*** Exercise material ***
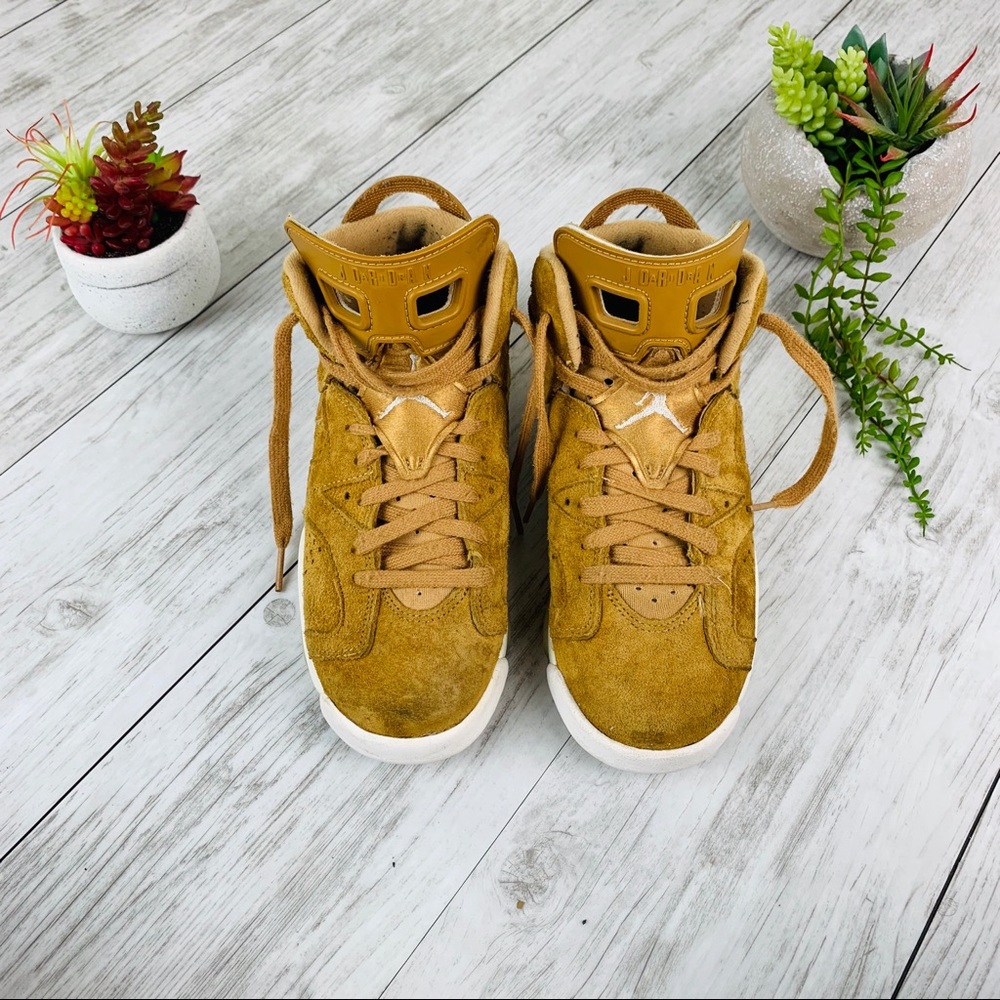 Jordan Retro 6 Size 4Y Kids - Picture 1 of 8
*** End of Exercise material ***
*** Exercise material ***
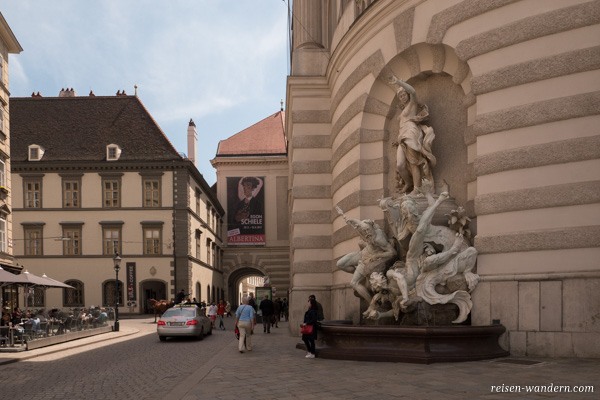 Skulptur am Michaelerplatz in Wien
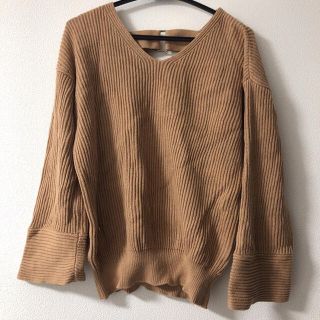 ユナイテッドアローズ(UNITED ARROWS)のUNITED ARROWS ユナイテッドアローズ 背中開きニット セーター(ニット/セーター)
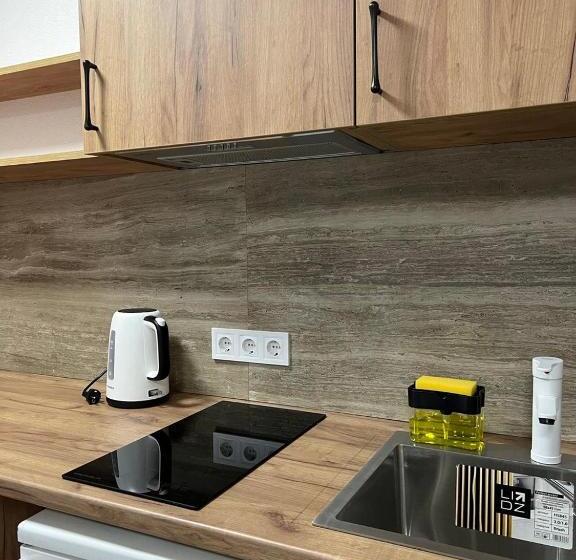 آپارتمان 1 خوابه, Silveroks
*** End of Exercise material ***
*** Exercise material ***
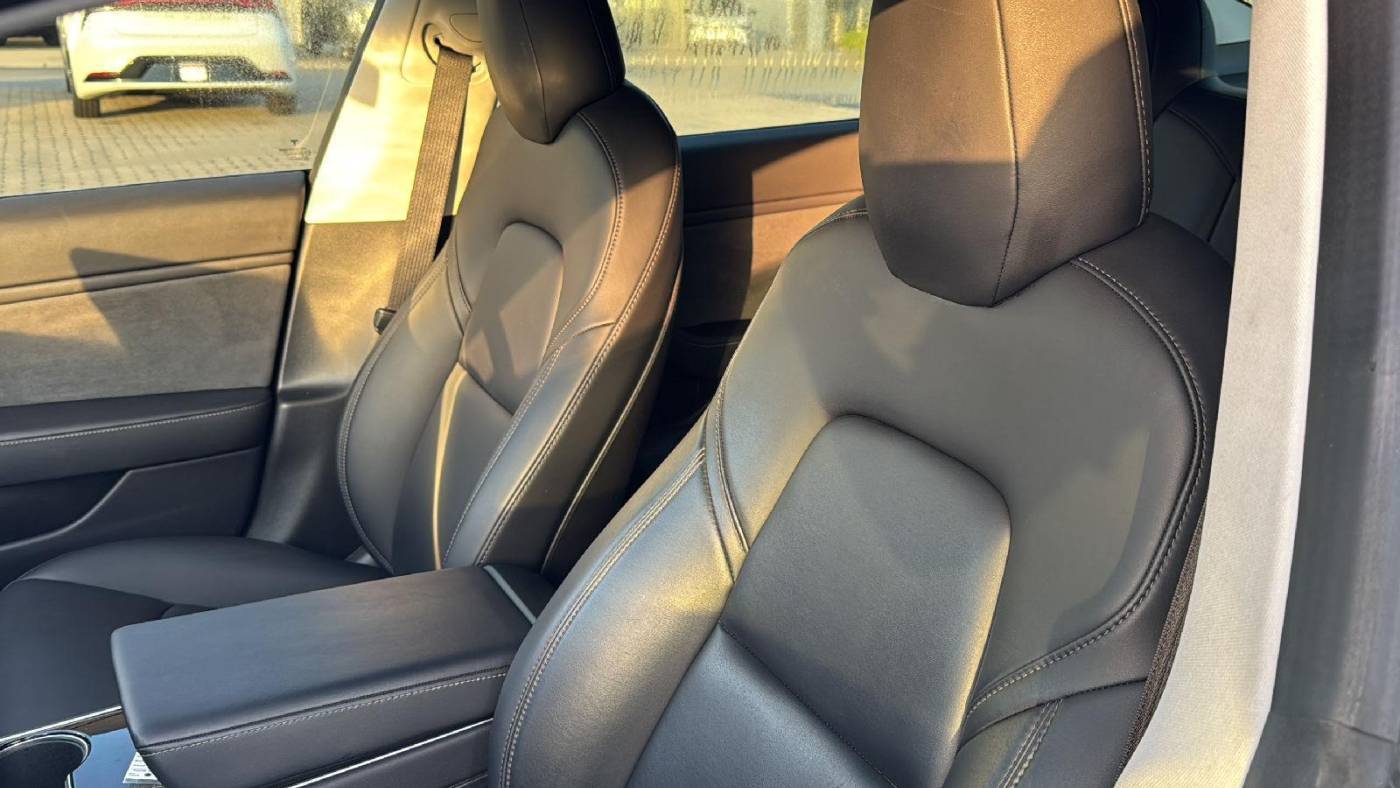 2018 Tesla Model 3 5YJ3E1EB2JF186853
*** End of Exercise material ***
◆ Exercise instructions
Output only the stretch above from the line with "ユナイテッドアローズ(UNITED ARROWS)のUNITED ARROWS" through the line with "آپارتمان 1 خوابه, Silveroks", reproduced exactly. Exclude pictures.

◆ Answer
 ユナイテッドアローズ(UNITED ARROWS)のUNITED ARROWS ユナイテッドアローズ 背中開きニット セーター(ニット/セーター)
 آپارتمان 1 خوابه, Silveroks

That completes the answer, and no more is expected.